Tall building escape apparatus

Abstract

A tall building escape apparatus includes two upright sliding rails on one side of a building where two escape exits are located. The sliding rails are cylindrical rods extended from the ground floor to the top floor of the building corresponding to hanging racks located on the top floor. The hanging racks have pulleys mounted thereon to wind a rope between the two hanging racks. The rope has two ends fastened respectively to an escape case. The escape case has retaining rollers with curved periphery to clamp the sliding rails, buffer members on the bottom side, and an entrance/exit opening on one side directing to the escape exit.
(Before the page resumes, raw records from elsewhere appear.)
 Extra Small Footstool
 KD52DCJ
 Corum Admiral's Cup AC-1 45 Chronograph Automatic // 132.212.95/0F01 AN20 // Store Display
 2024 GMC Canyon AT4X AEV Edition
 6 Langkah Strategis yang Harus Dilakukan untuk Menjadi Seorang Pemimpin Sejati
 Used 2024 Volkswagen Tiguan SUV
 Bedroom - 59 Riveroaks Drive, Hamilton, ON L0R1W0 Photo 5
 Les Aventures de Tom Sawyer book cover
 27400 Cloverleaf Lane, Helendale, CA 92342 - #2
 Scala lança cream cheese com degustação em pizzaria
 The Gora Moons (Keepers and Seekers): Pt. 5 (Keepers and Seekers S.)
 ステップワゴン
When a user escapes by descending through one escape case, another escape case is pulled by the rope upwards to enable another user to escape. Thus escape speed is faster, and safety is enhanced and there is no limitation of the applicable height.

Description

FIELD OF THE INVENTION

The present invention relates to a tall building escape apparatus and particularly to an escape apparatus to provide rapid escape without using power equipment.
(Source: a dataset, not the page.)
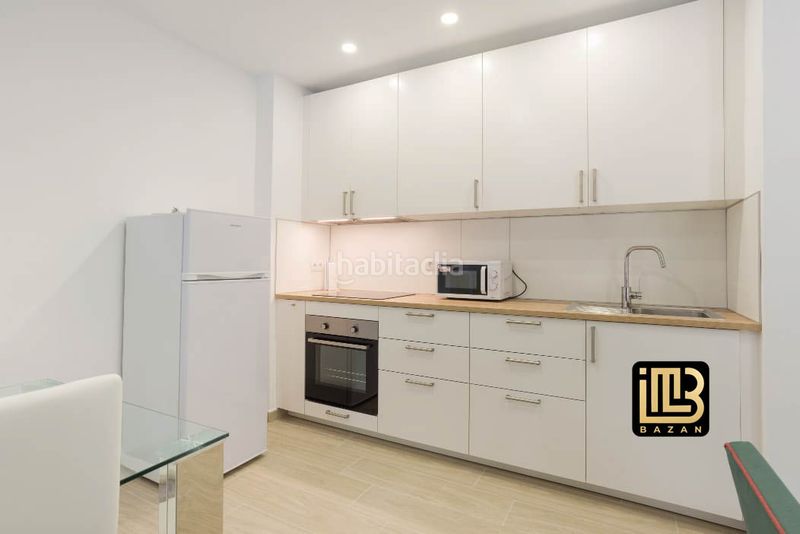 Foto 11b270dc-9b6a-4bbb-ae06-be7e623820fb. Rent flat in La Trinidad Málaga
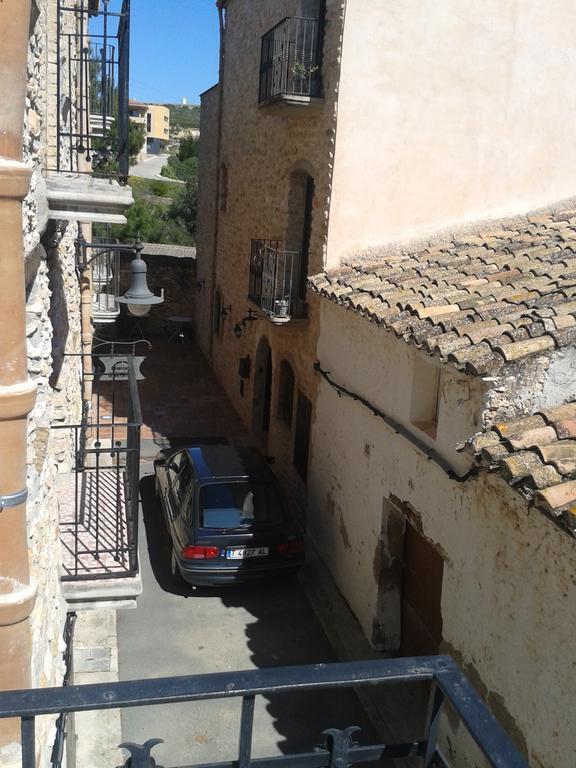 The Village House El Perello  Екстер'єр фото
BACKGROUND OF THE INVENTION

Public building has to provide fire fighting and escape facilities. The most commonly used escape facility is the slow descending apparatus which includes a hanging rack fixedly installed on each floor of the building and a slow descending device located nearby. In the event of fire breaking, the slow descending device is hung on the hanging rack, and a loop strap of the slow descending, device is hitched on the user. The user may descend slowly to the ground floor by means of user's own weight from the high rise building.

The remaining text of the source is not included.